So…remember the South Parkian “make fun of everything” garbage that resulted in, at best, a gross false equivalence between campus safe spaces and freaking murdering black men and protestors and freaking Lisa blowing off real-world social justice issues vis a vis Apu’s iffiness? Turns out they’re done with that. From what I can see, the modern Simpsons fluctuates between passably humorous, somewhat weird, a little aimless, and pretty much just going through the motions. There’s none of the joyous energy or sparkling humor I remember from the first 7 seasons, nor the fiery rejection of that in the several seasons that came after. It’s settled into a comfortable, workable, predictable routine. These characters are never going to develop, they’re not going to surprise you, they’re not going to go off the rails. What you see is what you’re always going to see.

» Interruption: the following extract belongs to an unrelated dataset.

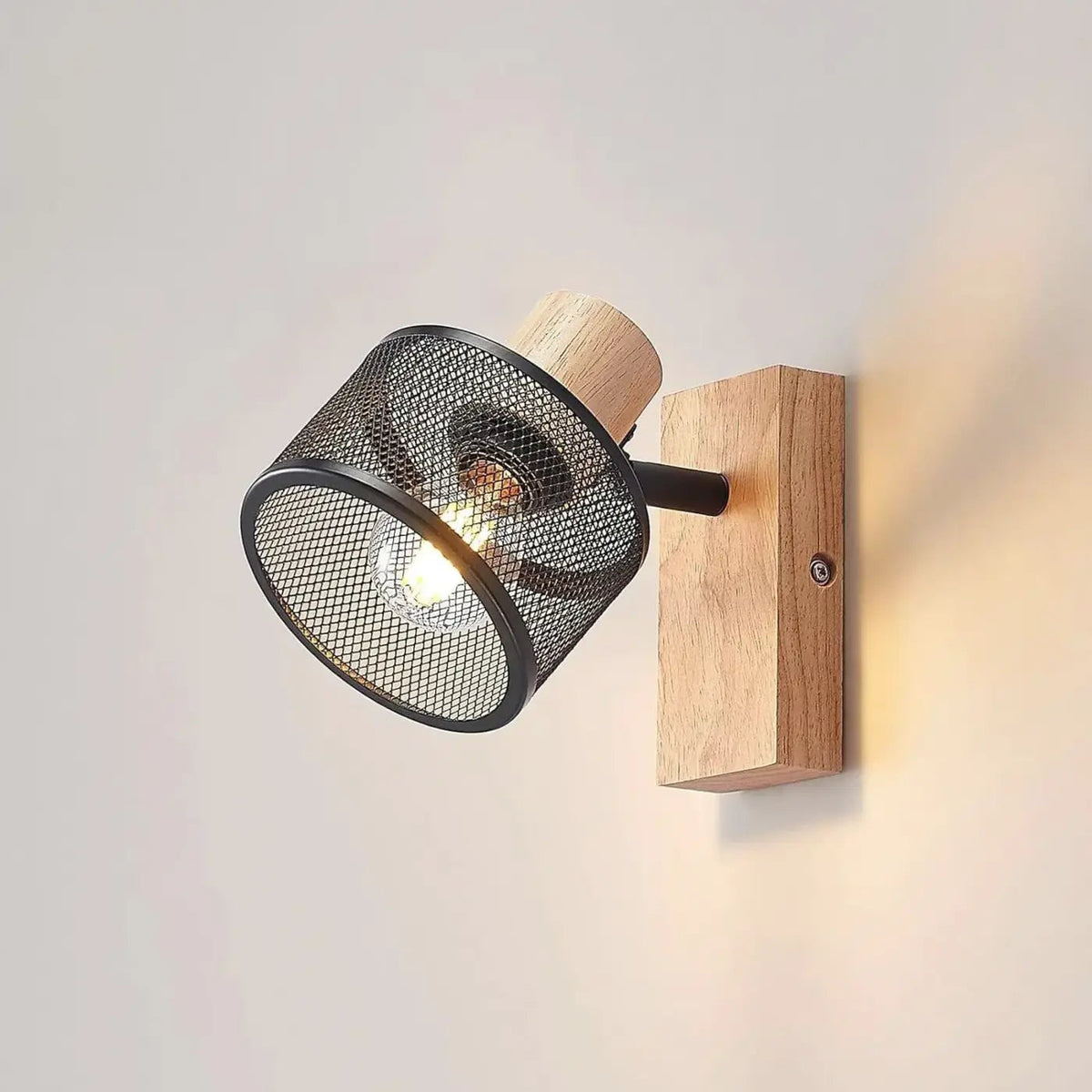 Applique murale grillagée en métal et bois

Probably the biggest indicator of this direction is that Bart and Lisa hardly do anything to or for each other anymore. For as long as I could remember, they were fire and ice. Whether heated rivals, grudging friends, loyal allies, competitors, heads of opposing forces, or outright enemies, they got in each other’s way a lot, and they combined their considerable abilities to a common goal many other times. Now it’s at most a line or two of snark, and even that’s not delivered with any real passion; it seems more an obligation than anything. “Oh, I just remembered that I find this girl annoying! I know, I’ll rag on how tacky her poster is!”
In effect, it’s become like the final years of Cathy. Yes, it blew its wad years ago and is now running on a low gear because that’s all the current writing staff can manage anymore. But there are still a lot of people who grew up on it and love it (it’s 92 on Metacritic, to put it in perspective), and honestly, it’s reach the point where quality doesn’t matter. People just plain want this, hell, they need it. It’s transcended mere entertainment and become an institution. Much like Alex Rodriguez and baseball, it doesn’t matter how hard it gets, life without it is simply unthinkable.
And you know what? Fine by me. Times are tough for a lot of people, a lot of things have changed or are changing for the worse, and I totally understand the desire for something that’s an ironclad pillar of stability in one’s life. If a long-past-it’s-time cartoon is what lets you cope with the bitter reality of a cold, harsh, uncaring universe, I’m not going to begrudge it to you. I don’t care anymore if there’s never any grand finale or if future anthropologists can’t figure out what the true cultural impact of this show was. It serves a need, it fills a void, and I’m cool with that.